Some say that being behind the wheel of a top-end sports car is like being in driving heaven.
You feel the surge of bone-rattling raw power at your command and skillfully execute tight turns that would make most people blanch with fear. With gentle touches on the accelerator pedal and a quick yank of the gear shift knob, you find yourself zipping along the open road and become totally immersed in a sense of blissful thrill and utter freedom.
Suppose though that the sports car was being driven by an AI-system, one that could handle the so-called hypercar – the fastest and oftentimes most expensive top-end models– as well as a human. Indeed, imagine that the AI could even exceed the capabilities of a normal human driver and push the vehicle to limits that even a pro would likely blanch at.
Would you still want to be riding in the top-end sports car?
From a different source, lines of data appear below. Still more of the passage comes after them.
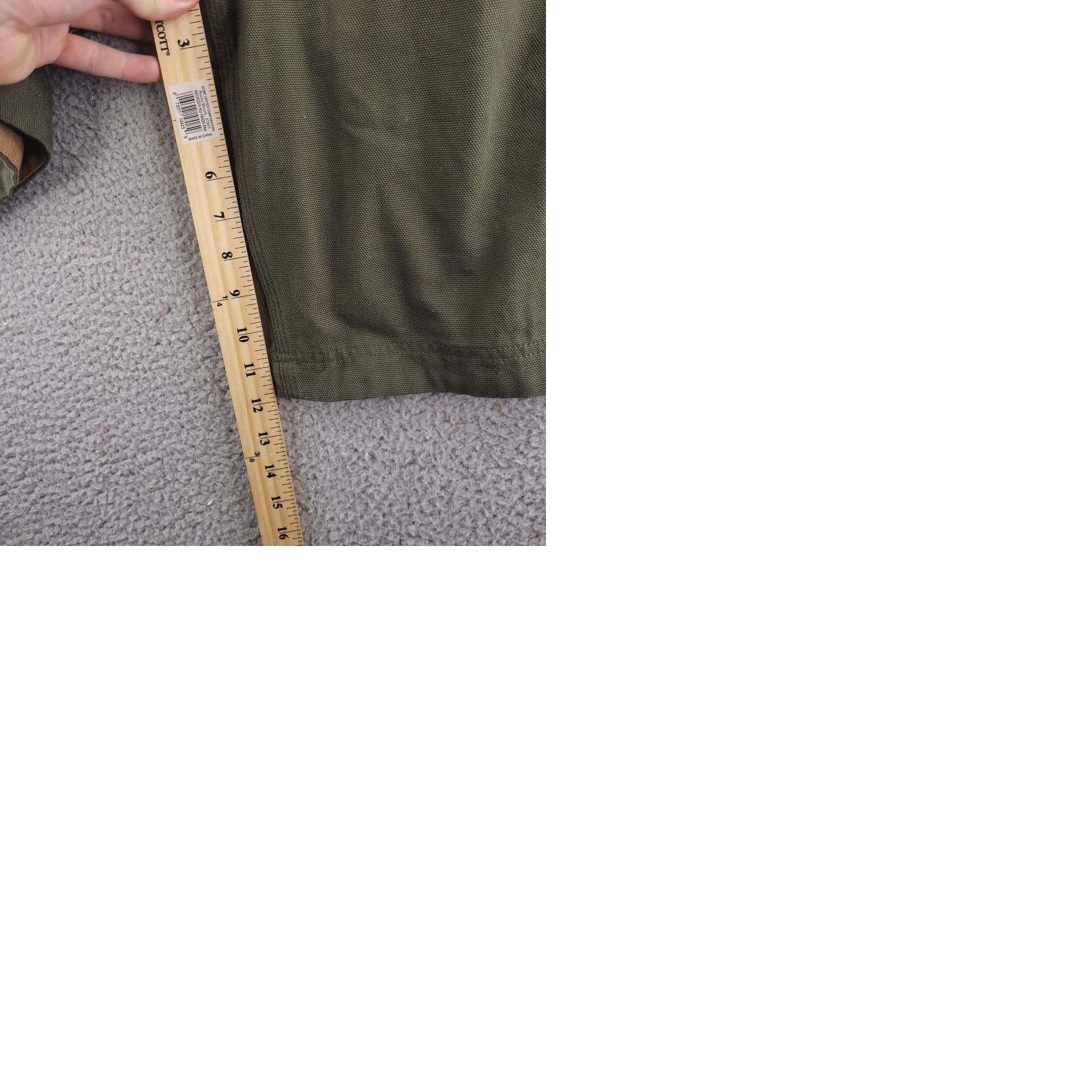 Vintage Duluth Cargo Shorts Mens 44 Green Canvas Cotton THICK Heavyweight Rugged Workwear Pockets Regular Size US 44 / EU 60 - 9 Thumbnail
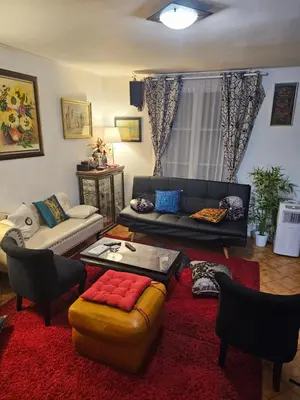 Coin salon dans l'établissement Appartement 50 m2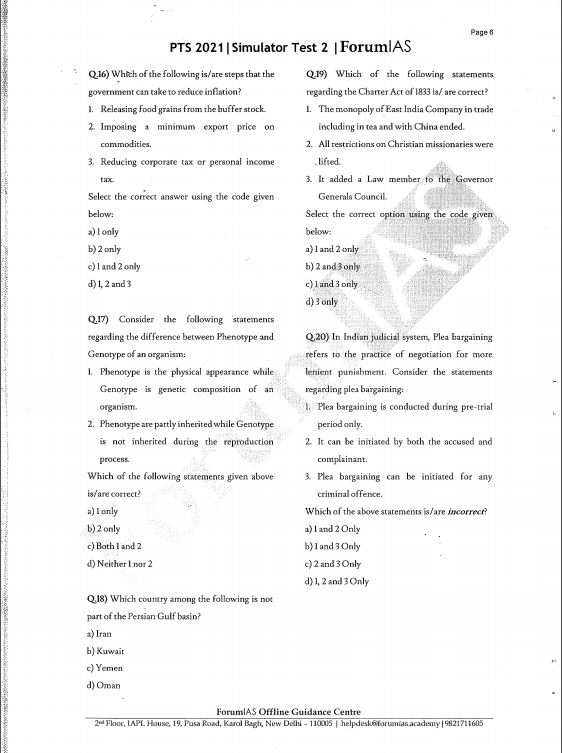 forum-ias-prelims-2021-test-series-26-to-30-english-medium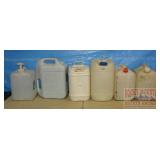 6 Asst. Plastic Jugs. 6 Asst. Plastic Jugs.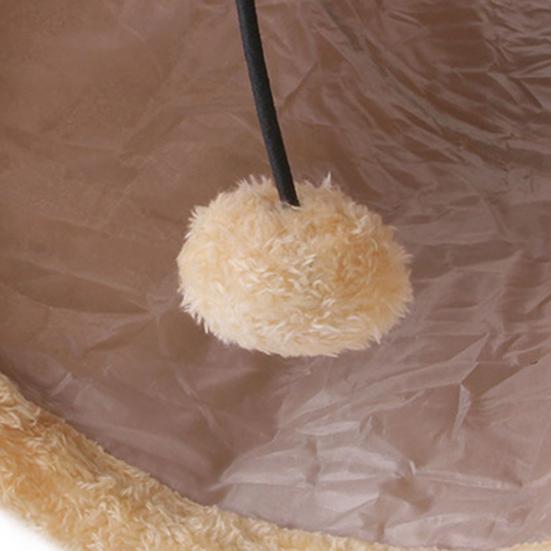 Игрушка-труба для кошек, погремушка, бумажный дизайн, избавляющий от скуки, складная игрушка-туннель для отдыха котят, товары для кошек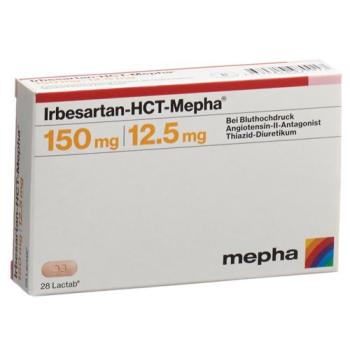 Irbesartan-HCT-Mepha Lactab 150/12.5 98 pcs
Or, would the inability to drive the vehicle by yourself, using your own hands and feet, be such a disappointment that you would say ixnay to riding around in one?
Some may see self-driving tech and sports cars as a kind of oxymoron, suggesting that never the two shall meet, but there’s more to the story than meets the eye.
Consider Porsches And Self-Driving
One of the most notable ongoing debates about whether top-end sports cars will ultimately be infused with AI true self-driving car capabilities seems to surround Porsches.
In 2016, a long time ago in the unrelenting quest toward more advanced driving features for cars, Porsche’s CEO Oliver Blume was quoted as saying that “one wants to drive a Porsche by oneself.”
At the time, many pundits interpreted this noteworthy and somewhat haughty remark to mean that there would never be a self-driving version of a Porsche.
Then, just last year in 2018, the Porsche North American CEO Klaus Zellmer said this: “Our plan is to always have the steering wheel and always have the pedals and potentially to even have the manual gearbox to really engage with the car and to do it all yourself.”
This crucial comment would tend to reaffirm the human driver as the only true driver of a sports car, though Zellmer also indicated this: “But, our customers always want it all. They want the possibility to use autonomous drive mode, but they want to really engage with the car as well.”
The advent of the new Porsche Taycan, an Electrical Vehicle (EV) sports car, stokes anew the debate about whether sports cars are going to be self-driving or not.
Since most self-driving cars are tending toward EV’s, and now that Porsche is bringing forth an EV sports car, perhaps the day of driverless sports cars is dawning upon us.
Furthermore, Porsche is already heading in the self-driving car direction, per their indication in March of this year that they are working on a driverless feature to have their cars drive themselves while at the repair shop, moving under their own self-driving action from a parking spot to the service bay. As per testing described by Alexander Haas, Project Manager for Automated Driving: “Autonomous driving will revolutionize our road traffic in just a few years. However, we can already use the technological possibilities available today to make work processes even more effective and efficient.’
For those that have long been on the side of “you’ll pry the steering wheel from my cold dead hands” outcry camp, it is important to realize that there has been a broadening definition associated with self-driving and sports cars, one that maybe you like or hate, depending upon your viewpoint.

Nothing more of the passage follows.